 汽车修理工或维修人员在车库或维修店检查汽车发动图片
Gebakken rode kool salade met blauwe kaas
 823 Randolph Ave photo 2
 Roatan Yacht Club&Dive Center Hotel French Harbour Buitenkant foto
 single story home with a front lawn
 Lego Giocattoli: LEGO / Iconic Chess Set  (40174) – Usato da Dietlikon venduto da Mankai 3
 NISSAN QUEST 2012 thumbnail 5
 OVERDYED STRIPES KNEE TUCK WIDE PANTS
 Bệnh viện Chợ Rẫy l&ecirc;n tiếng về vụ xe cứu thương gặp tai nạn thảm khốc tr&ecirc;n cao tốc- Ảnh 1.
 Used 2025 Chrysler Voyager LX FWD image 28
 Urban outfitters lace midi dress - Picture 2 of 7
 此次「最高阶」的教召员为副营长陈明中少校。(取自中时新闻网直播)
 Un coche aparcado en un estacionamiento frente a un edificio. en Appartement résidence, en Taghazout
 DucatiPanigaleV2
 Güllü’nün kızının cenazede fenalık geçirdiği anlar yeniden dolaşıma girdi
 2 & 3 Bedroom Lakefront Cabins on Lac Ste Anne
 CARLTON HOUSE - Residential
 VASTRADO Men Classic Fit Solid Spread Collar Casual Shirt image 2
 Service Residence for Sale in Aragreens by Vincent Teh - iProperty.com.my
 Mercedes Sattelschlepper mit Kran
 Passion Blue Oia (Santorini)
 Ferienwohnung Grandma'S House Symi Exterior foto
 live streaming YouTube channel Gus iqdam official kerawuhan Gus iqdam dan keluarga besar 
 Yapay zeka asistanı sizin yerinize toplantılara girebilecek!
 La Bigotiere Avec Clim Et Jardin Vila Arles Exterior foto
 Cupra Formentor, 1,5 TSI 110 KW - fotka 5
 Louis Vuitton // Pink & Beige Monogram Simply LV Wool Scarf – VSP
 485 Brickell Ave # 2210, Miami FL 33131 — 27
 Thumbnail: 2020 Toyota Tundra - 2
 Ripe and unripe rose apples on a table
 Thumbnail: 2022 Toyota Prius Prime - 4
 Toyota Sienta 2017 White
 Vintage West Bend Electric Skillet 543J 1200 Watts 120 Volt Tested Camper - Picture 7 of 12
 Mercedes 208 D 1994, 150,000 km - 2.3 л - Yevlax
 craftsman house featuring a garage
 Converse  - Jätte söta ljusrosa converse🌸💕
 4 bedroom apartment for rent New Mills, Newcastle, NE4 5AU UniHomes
○ ○ ○
*WHAT YOU NEED TO DO*
After locating the line holding "Gebakken rode kool salade met blauwe kaas" above, output exactly that line and every line after it through the line holding "OVERDYED STRIPES KNEE TUCK WIDE PANTS". Include nothing else.

*ANSWER TO THIS TASK*
Gebakken rode kool salade met blauwe kaas
 823 Randolph Ave photo 2
 Roatan Yacht Club&Dive Center Hotel French Harbour Buitenkant foto
 single story home with a front lawn
 Lego Giocattoli: LEGO / Iconic Chess Set  (40174) – Usato da Dietlikon venduto da Mankai 3
 NISSAN QUEST 2012 thumbnail 5
 OVERDYED STRIPES KNEE TUCK WIDE PANTS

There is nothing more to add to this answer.